The aforementioned move to Birstall occurred at some point before 1874. It was first preceded by the sad death of Minnie Tasker in 1871 of unknown causes. This was followed by the birth of a daughter called Edith in around 1872. 1874 was the year that another daughter was born, named Rose Ann, and this was around the time the family ended up in Birstall. Eliza Dobbs, Fanny’s Mother-In-Law, remained in Leeds until after 1901.
1876 brought both a birth and a death of an Edith Tasker. In March 1876, the couple lost yet another daughter – Edith, who was only 4. She was buried in the Birstall Parish Churchyard on 16 March 1876. Later in the year, in the third quarter, another daughter called Edith was born and named poignantly after her recently deceased sister. 1878 also brought life and death with the death of Rose Ann Tasker, aged just 3, who was buried at the same church on 11 April 1878.
On 20 August of the same year, the couple had their first boy and named him James Edward Tasker. Perhaps after his father and also maternal grandfather, John Edward, and also, by extension, his Great Grandfather Edward. Another sister followed on 2 May 1880, who was named Clara.
It seems repetitive to type the words, but life truly gave with one hand and took away with the other. Edith Tasker, just like her elder sister with the same name, passed away aged 4 years and was buried in Birstall Churchyard on 14 September 1880. By this point in 1880, Fanny had given birth to 7 children in total – 6 girls, 1 boy – however, only 3 girls and a boy remained living.

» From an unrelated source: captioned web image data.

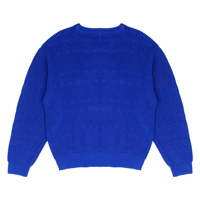 Pull pour hommes décontracté personnalisé de haute qualité pull d'automne tricots solides pull à manches longues tricoté col rond chaud pour hommes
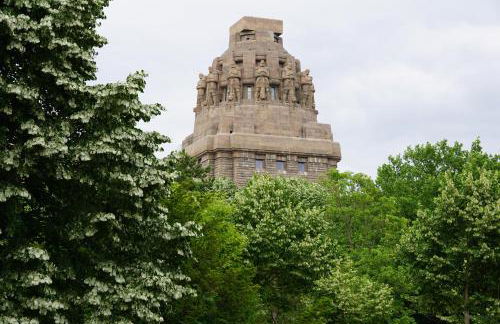 Große Wohnung im Neu-Seen-Land Leipzig - Foto 38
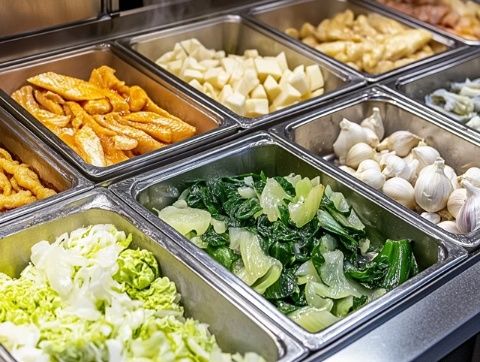 臺中火車站周邊美食很厲害(美食臺中)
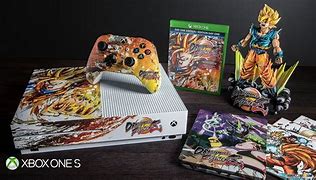 Image result for Dragon Ball Z Xbox Console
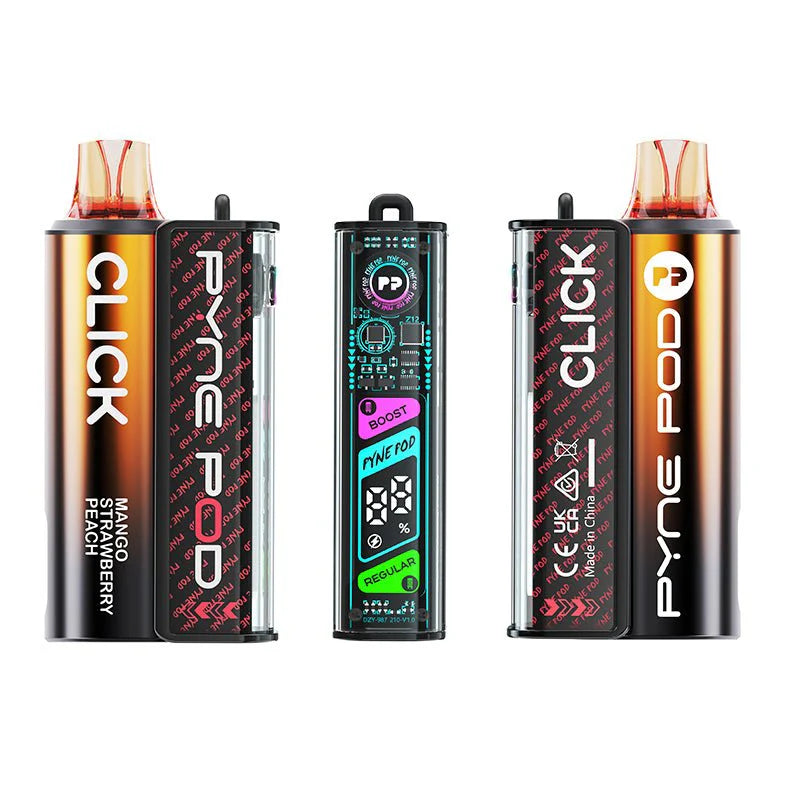 Pyne Pod Click 10K - Starter Kit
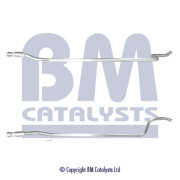 BM50481 Výfukové potrubie BM CATALYSTS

In 1881, the family lived on Union Street, near Birstall Town Centre. James worked as an Iron Moulder, as he had done for many years. Some years later, before 1887, James is recorded as having a Beer licence for the Robin Hood Inn, which was situated on Union Street. It was transferred in 1887 from James, but there was reporting throughout the decade of the 1880s for people to rent the Inn. An 1882 advert gives it a rent of £25.
The family welcomed another boy, John George, on 8 April 1882, but the following year was to bring another tragedy and more premature death for the Tasker family.
It was a Saturday, specifically 18 August 1883. James Edward Tasker and his younger sister Clara had dinner and ran off to play at about 1 pm. They were playing with other children on the road near the Greyhound. There was construction going on, narrowing the road with posts and rails. Down to this, a watchman named Josephus West, a blacksmith by trade was employed and reported driving the children away from the road many a time.
At about 3 pm, West saw a cyclist come down Leeds Road and pass him up Huddersfield Road. This was followed by another cyclist about 40 yards behind him who was travelling at a moderate speed. There were many people about as many were watching the Clown Cricketers leading to the unknown rider blowing a whistle as he passed.
Disaster was about to strike as the rider began to ascend Huddersfield Road, and James Edward Tasker decided to run across the road. The rider desperately tried to swerve out of the way, but James was hit by the bicycle, and the rider himself was knocked down, and the bike fell down sideways. Mr. West picked up James, who cried a little but scarpered off home. The rider enquired about James and then rode off.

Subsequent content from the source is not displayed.